Empresa teve de reconstruir os seus stocks em 1998. Durante anos, fez os serviços mínimos, mas duas décadas depois o esforço para renascer está a dar frutos.

A Borges é uma empresa que faz vinho do Porto há mais de 130 anos, mas o vinho do Porto que a Borges faz hoje obrigou a empresa a começar tudo de novo por volta de 1998. Confuso? Não se atendermos à mudança de donos que a empresa registou nessa data. Durante décadas, a Sociedade dos Vinhos Borges foi mais uma das empresas que capitalistas do Porto criaram no Douro na ressaca da filoxera; depois do desaparecimento dos irmãos António Nunes Borges e Francisco António Borges, o seu banco sobreviveu durante décadas até ser nacionalizado em 1975; depois, o Banco Borges e Irmão acabou nas mãos do BPI quando foi reprivatizado; a seguir, o BPI decidiu vender a empresa de vinhos às fatias e, pelo caminho, as suas grandes colheitas acabaram nos armazéns das principais companhias do sector, com destaque para a Taylor’s. No final desse processo, a marca, a Quinta da Soalheira, no Douro, e parte das instalações acabaram por ser compradas pela distribuidora de José Maria Vieira. Que teve de começar do zero.

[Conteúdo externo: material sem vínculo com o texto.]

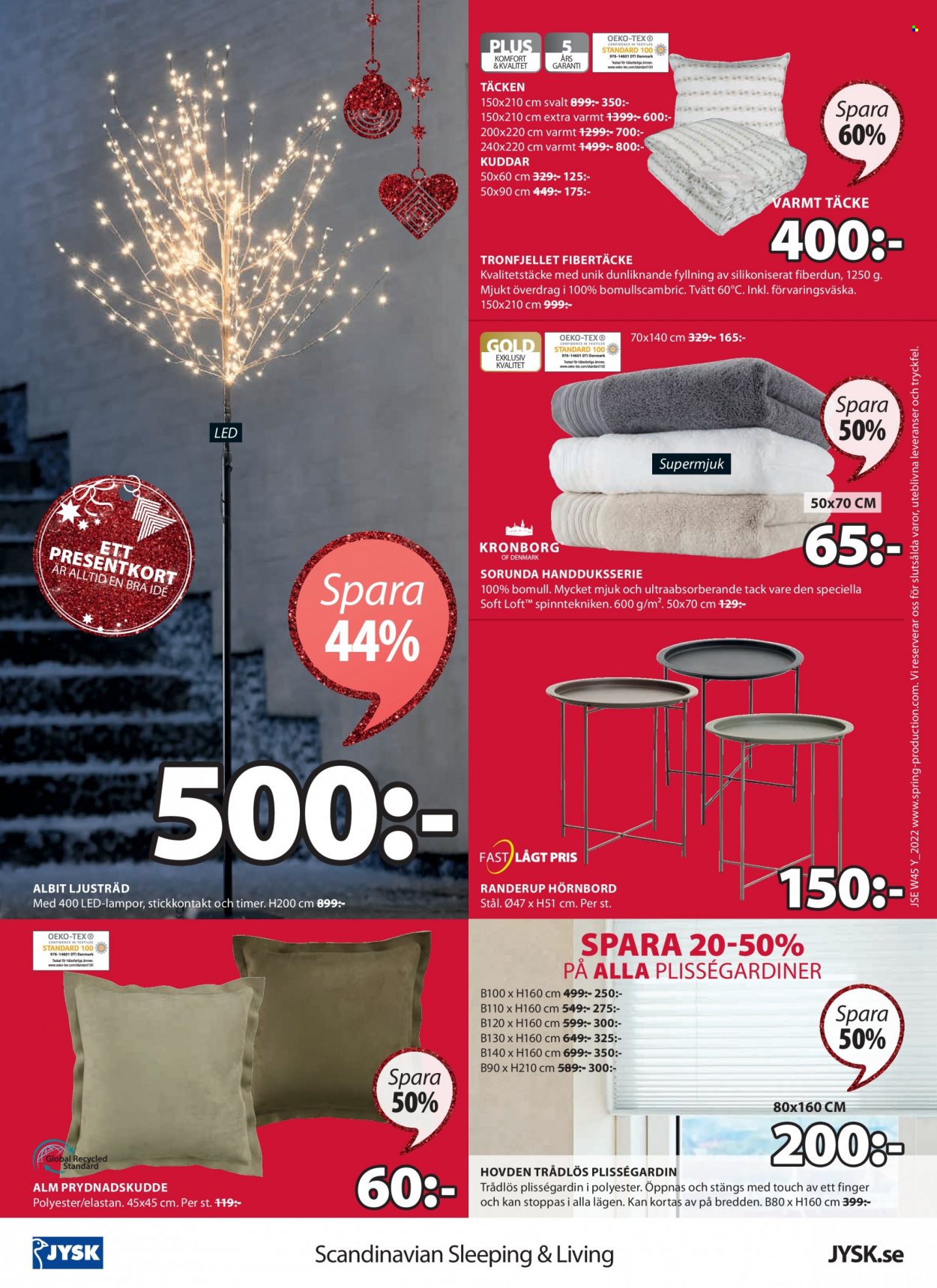 JYSK reklamblad - 7/11 2022 - 13/11 2022. Sida 16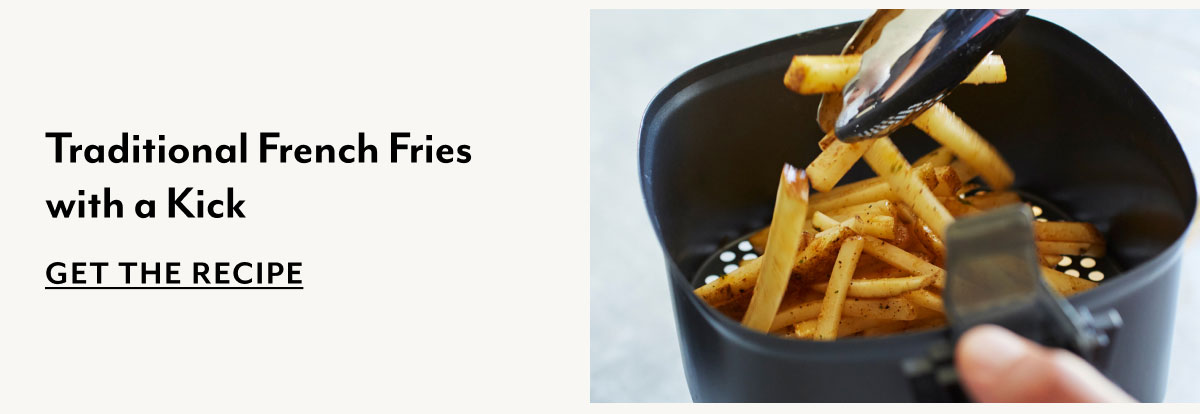 Traditional French Fries with a Kick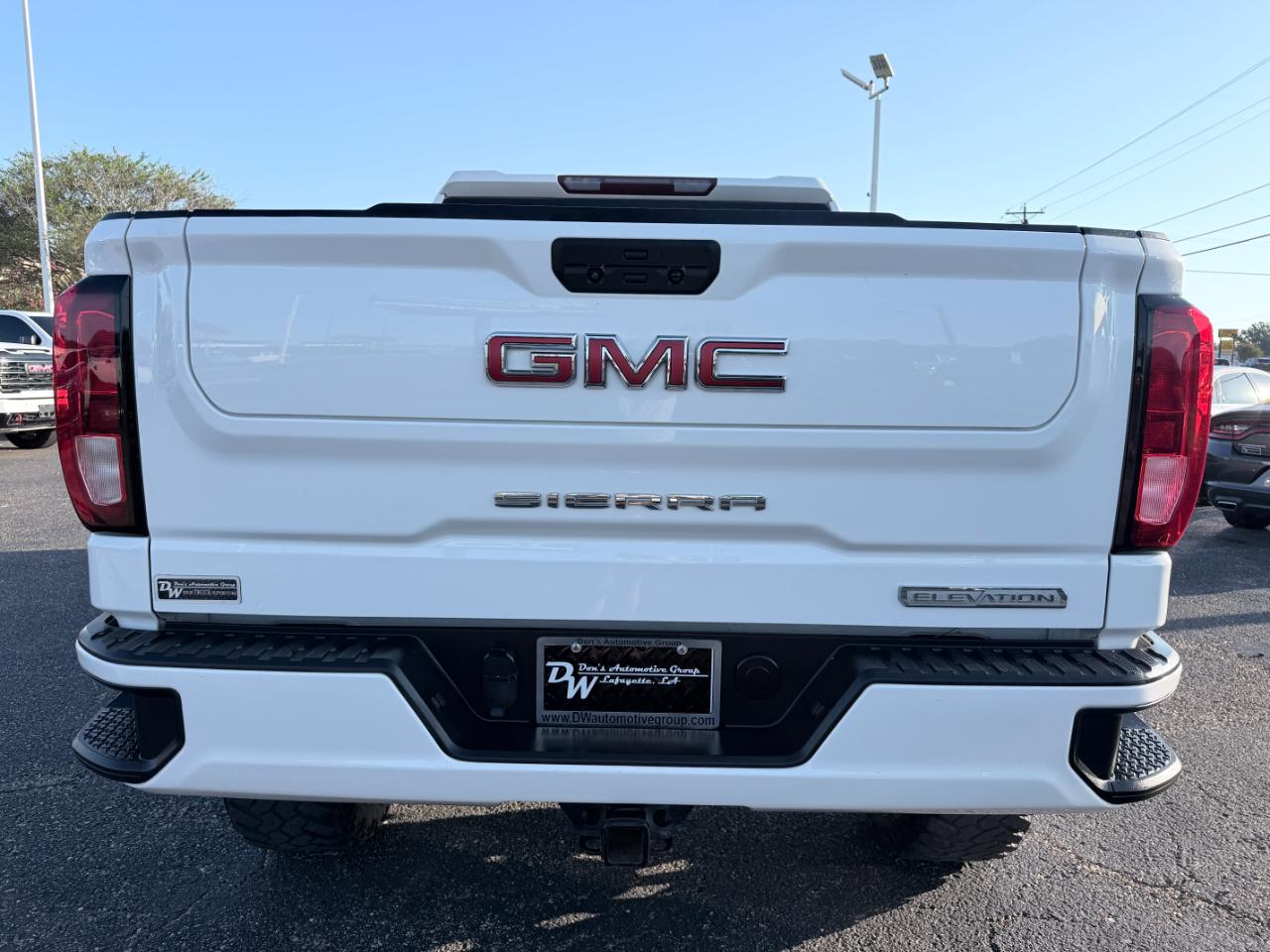 GMC Sierra 1500 2WD Crew Cab 147" Elevation 2021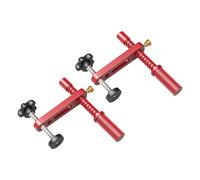 2 pcs banco cani morsetto in alluminio rosso tavolo mft regolabile tavolo tosta la lavorazione del legno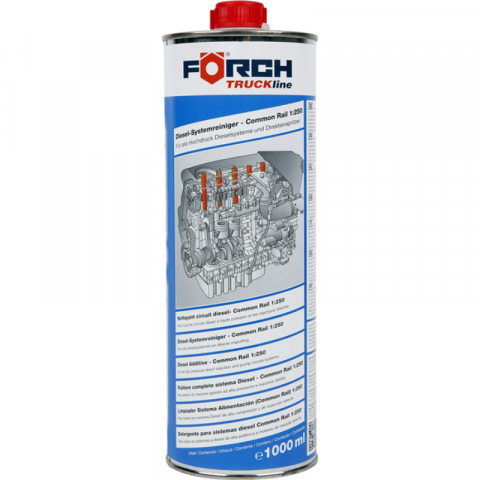 Aditivi Auto - Aditiv pentru curatare sistem diesel Common Rail 1:250 TRUCKline, 1L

Entrar no negócio do vinho do Porto sem ter à mão vinhos de diferentes estilos e de muitas idades é um problema complicado. Ou talvez não. Sem cascos com vinhos muito velhos à mão, o enólogo José Maria Machado teve de seguir um caminho diferente do habitual.

Claro que no portefólio da empresa não há Colheitas antigos, nem categorias especiais com 30 anos, nem sequer um Porto 20 anos — nem um vintage de 2011, ano em que a chuva arrasou as expectativas. Mas os vinhos da nova geração revelam uma identidade bem definida.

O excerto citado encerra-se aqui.